> _Records for this exercise_:
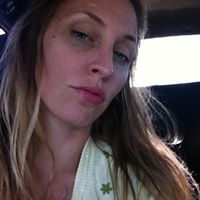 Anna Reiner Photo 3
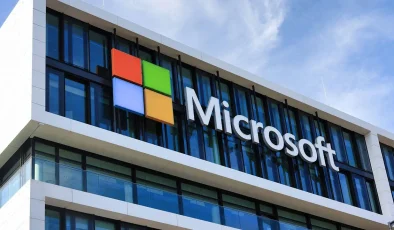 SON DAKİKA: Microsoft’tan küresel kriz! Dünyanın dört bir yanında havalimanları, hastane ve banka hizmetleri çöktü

...

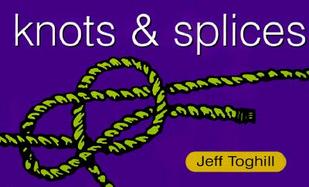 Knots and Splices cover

> _What is expected_:
Output only the lines above from the one containing "Anna Reiner Photo 3" to the one containing "SON DAKİKA: Microsoft’tan", both included, exactly as written and with no pictures.

> _Solution to the exercise_:
 Anna Reiner Photo 3
 SON DAKİKA: Microsoft’tan küresel kriz! Dünyanın dört bir yanında havalimanları, hastane ve banka hizmetleri çöktü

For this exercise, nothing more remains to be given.